Ciitizen’s business is to enable patients to gain ready access to their health records — something that’s clearly not so easy to do. And the implications of a patient or caregiver not being able to readily access their data can be dire: consider the bar chart and how you would deal with facing waiting over a week for your data so you could get a second opinion for an initial end-stage cancer diagnosis? This was one motivation of Ciitizen’s founder, Anil Sethi, whose sister succumbed to cancer. We are all shoemakers’ children with no shoes at some time in our life, that is something I-know-I-know.

Deven McGraw offers this counsel the patients, which is all of us: “If you’ve requested a copy of your health record and found getting a copy to be difficult, I have some good news for you regarding your rights. You have plenty of them.”

Health Populi’s Hot Points:  There’s a huge irony and challenge I discuss in my book, HealthConsuming: From Health Consumer to Health Citizen. In the chapter of “Privacy and Health Data In-Security” (the one that Deven expertly reviewed), I detail the growing volume, variety and velocity of data each of us generates, daily, that mashed up together can paint a complete picture of our health. These are illustrated in the graphic here, which is a riff on the original concept drawn by Juhan Sonin of the Goinvo design studio.

The irony is that, in the U.S., our medical records are held by folks we need to trust to be good stewards of that very personal information.

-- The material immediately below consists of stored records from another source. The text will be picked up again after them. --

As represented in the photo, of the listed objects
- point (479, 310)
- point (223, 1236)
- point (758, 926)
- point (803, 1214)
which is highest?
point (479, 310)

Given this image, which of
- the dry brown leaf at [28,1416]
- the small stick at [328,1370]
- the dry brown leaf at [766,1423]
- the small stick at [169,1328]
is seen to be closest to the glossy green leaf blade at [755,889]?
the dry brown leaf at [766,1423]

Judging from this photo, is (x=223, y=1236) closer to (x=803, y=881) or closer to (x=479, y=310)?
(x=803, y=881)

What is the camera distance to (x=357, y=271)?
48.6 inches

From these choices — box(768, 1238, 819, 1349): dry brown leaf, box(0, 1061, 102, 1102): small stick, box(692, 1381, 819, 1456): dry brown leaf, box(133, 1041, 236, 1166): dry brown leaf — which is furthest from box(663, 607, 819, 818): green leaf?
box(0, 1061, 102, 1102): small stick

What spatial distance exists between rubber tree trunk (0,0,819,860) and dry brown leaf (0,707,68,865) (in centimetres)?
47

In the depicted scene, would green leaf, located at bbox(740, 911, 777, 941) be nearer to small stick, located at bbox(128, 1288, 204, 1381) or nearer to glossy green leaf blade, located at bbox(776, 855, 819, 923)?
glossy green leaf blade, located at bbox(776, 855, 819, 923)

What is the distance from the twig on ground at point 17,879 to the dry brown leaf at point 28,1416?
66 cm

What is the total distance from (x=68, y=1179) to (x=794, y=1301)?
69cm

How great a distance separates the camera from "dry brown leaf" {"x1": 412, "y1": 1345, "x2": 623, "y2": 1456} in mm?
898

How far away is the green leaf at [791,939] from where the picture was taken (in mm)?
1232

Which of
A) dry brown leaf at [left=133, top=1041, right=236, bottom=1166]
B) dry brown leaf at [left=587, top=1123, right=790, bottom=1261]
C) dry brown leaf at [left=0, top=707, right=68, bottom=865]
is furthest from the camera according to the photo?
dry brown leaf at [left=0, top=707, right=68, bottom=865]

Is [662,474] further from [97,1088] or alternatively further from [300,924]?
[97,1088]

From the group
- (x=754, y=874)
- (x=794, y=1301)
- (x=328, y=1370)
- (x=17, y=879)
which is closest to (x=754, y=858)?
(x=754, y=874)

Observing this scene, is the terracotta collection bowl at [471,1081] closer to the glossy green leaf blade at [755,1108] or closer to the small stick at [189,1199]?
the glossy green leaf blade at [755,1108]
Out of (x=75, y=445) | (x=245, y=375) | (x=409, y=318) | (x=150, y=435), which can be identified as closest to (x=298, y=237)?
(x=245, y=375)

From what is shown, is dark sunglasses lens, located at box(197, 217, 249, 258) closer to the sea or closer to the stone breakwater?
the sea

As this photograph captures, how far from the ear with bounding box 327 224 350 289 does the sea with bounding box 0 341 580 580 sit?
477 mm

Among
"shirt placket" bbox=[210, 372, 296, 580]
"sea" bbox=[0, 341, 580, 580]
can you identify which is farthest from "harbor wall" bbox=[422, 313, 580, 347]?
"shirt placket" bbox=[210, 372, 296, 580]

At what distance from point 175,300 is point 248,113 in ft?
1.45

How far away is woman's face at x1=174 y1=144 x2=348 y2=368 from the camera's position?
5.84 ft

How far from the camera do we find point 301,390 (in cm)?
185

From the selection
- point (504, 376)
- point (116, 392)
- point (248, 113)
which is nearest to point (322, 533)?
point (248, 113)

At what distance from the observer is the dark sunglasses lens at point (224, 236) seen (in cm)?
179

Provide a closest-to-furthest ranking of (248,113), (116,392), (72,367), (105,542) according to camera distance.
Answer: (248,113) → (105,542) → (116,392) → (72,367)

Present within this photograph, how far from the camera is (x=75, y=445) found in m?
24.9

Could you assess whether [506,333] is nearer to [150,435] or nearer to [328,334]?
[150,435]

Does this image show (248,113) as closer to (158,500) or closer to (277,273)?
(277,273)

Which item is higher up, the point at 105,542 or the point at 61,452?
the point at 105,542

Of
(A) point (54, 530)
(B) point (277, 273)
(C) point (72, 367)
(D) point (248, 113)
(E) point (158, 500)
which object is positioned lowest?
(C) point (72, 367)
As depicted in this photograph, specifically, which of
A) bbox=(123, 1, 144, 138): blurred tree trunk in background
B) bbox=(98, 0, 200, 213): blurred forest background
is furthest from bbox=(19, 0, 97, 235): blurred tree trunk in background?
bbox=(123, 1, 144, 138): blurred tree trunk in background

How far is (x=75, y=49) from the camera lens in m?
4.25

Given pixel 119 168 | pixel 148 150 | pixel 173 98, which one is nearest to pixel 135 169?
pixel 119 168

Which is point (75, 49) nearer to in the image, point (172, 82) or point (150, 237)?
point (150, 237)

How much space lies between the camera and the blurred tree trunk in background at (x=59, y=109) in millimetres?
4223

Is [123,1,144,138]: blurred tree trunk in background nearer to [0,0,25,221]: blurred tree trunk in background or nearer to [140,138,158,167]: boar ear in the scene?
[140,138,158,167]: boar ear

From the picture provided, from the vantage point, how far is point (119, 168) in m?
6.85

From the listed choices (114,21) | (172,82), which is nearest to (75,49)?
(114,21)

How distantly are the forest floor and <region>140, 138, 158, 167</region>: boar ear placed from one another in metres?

We can’t readily access it, the Ciitizen and JAMA studies, among many others, have shown.

But there are plenty of data “leakages” of the bits of our digital dust we leave through apps and GPS check-ins and social networking posts that third parties scrape together. Many of these fall outside the purview of HIPAA and other U.S. privacy laws covering children online, genetic information, and agreements we sign with third-party mobile app developers.

Clearly, as the Ciitizen team knows and is working on, the HIPAA regulations need to be enforced and fully realized to both protect U.S. health citizens and enable people to gain access to their much-needed health information held by medical record organizations. That’s the “now” scenario.

Going forward, I argue for a more comprehensive form of privacy protection that recognizes the new world of data shown in Juhan’s concept, the kind of which are fellow health citizens in the EU enjoy through the GDPR. It’s an opt-in, not an opt-out, paradigm, with the right to be “forgotten” if we so choose to be.

When we are diagnosed with a condition, many of us want to share our information with researchers, other peer patients, and third parties based on our own values and goals. That’s our call, or should be.

The privacy chapter in my book concludes with a story about a conversation between Judith Faulkner, CEO of Epic (the health IT company) and Vice President Joe Biden. They’re at a meeting of the Cancer Moonshot in August 2017, and Faulkner asked Biden, “Why do you want your medical records? They’re a thousand pages of which you understand 10.”

To which Biden responded: “None of your business.” That story can be found here in POLITICO.